- [WHAT IS REQUIRED]: Given the records underneath, please repeat exactly the lines from the line with "Stripchat Sex Cam of ellielawsons" through the line with "纽卡斯尔签约15岁天才中卫交易金额达375万镑加奖金 纽", passing over any picture.

- [SOURCE RECORDS]:
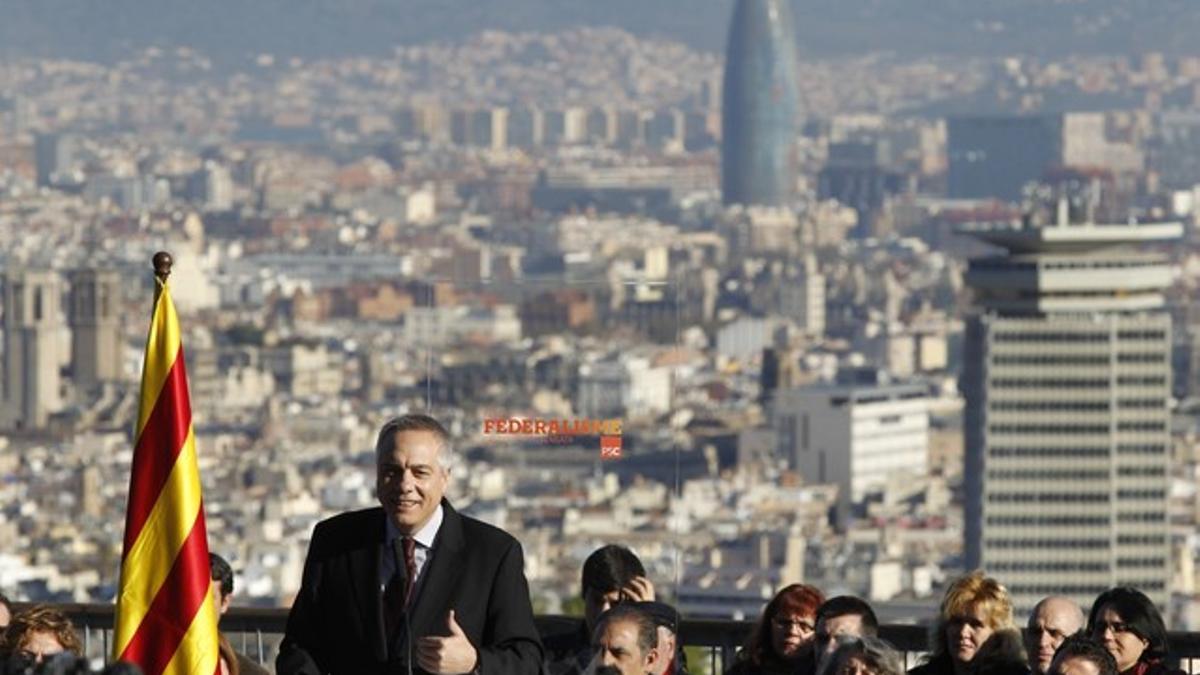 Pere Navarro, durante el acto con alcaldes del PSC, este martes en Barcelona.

...

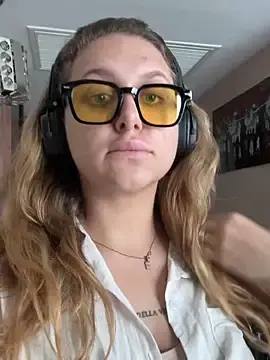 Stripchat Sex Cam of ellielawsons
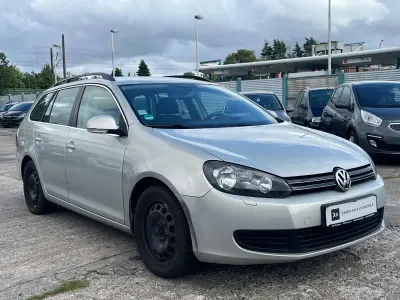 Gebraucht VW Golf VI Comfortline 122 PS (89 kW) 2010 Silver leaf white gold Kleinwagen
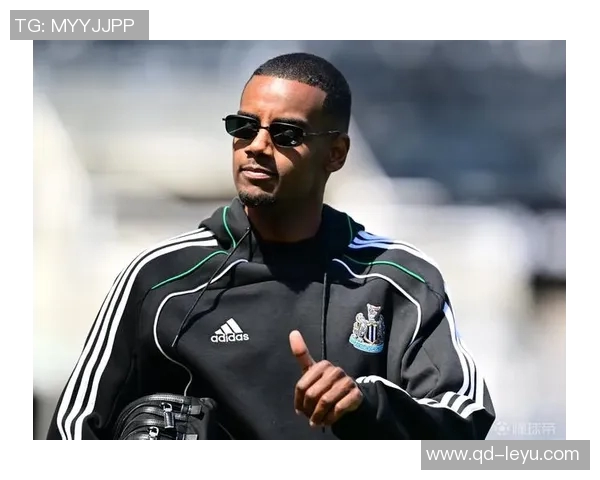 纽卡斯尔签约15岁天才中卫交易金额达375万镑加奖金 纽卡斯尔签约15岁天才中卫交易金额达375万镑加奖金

---

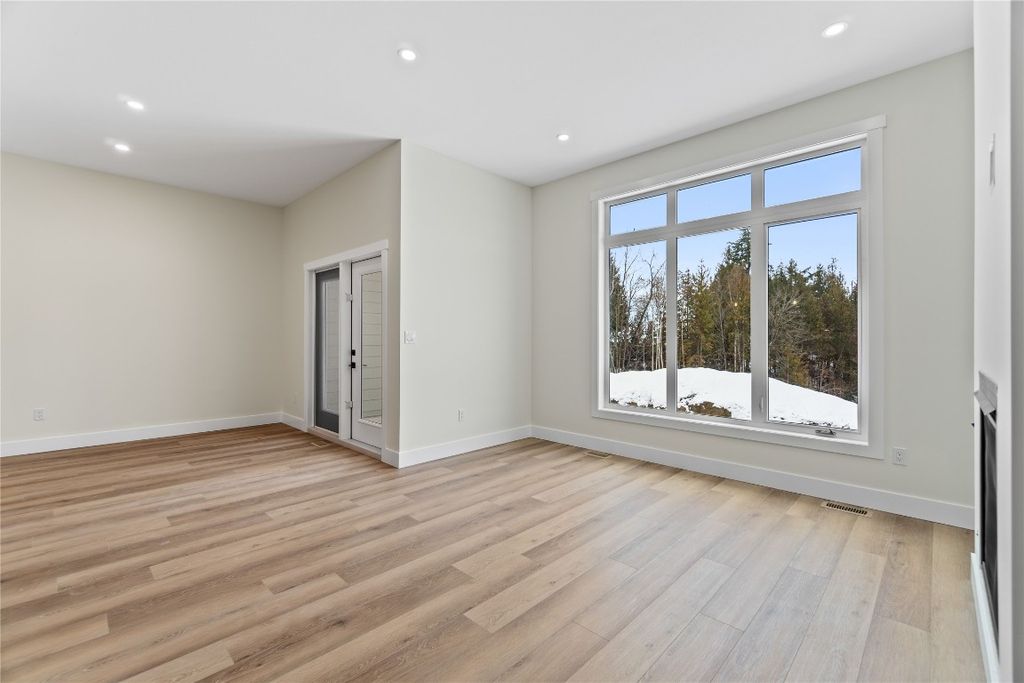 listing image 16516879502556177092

- [RESULT BELOW]:
 Stripchat Sex Cam of ellielawsons
 Gebraucht VW Golf VI Comfortline 122 PS (89 kW) 2010 Silver leaf white gold Kleinwagen
 纽卡斯尔签约15岁天才中卫交易金额达375万镑加奖金 纽卡斯尔签约15岁天才中卫交易金额达375万镑加奖金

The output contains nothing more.